## Records provided
== == ==

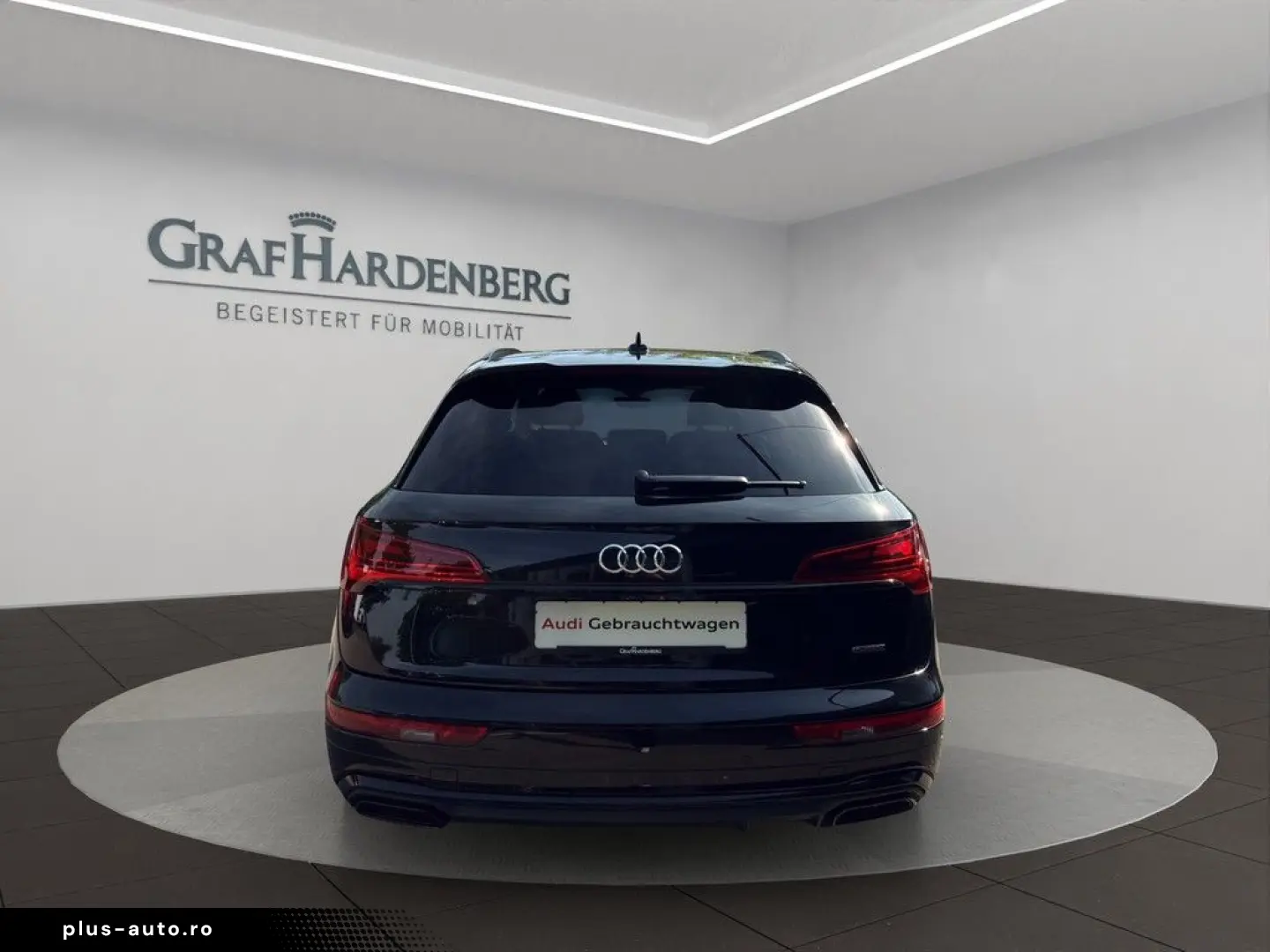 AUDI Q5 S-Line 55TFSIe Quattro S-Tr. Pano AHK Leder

== == ==

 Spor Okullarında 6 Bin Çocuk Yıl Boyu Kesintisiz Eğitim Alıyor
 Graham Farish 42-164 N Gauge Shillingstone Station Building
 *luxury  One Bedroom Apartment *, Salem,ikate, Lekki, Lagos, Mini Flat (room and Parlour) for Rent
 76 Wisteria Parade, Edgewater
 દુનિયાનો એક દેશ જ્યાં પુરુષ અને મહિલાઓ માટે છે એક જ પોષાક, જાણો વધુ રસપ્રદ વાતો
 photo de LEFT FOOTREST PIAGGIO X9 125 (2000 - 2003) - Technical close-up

== == ==

## How to complete this task
Going back over the entries above, copy word for word every line from the one that has "76 Wisteria Parade, Edgewater" on through the one that has "photo de LEFT".

## The completed task
 76 Wisteria Parade, Edgewater
 દુનિયાનો એક દેશ જ્યાં પુરુષ અને મહિલાઓ માટે છે એક જ પોષાક, જાણો વધુ રસપ્રદ વાતો
 photo de LEFT FOOTREST PIAGGIO X9 125 (2000 - 2003) - Technical close-up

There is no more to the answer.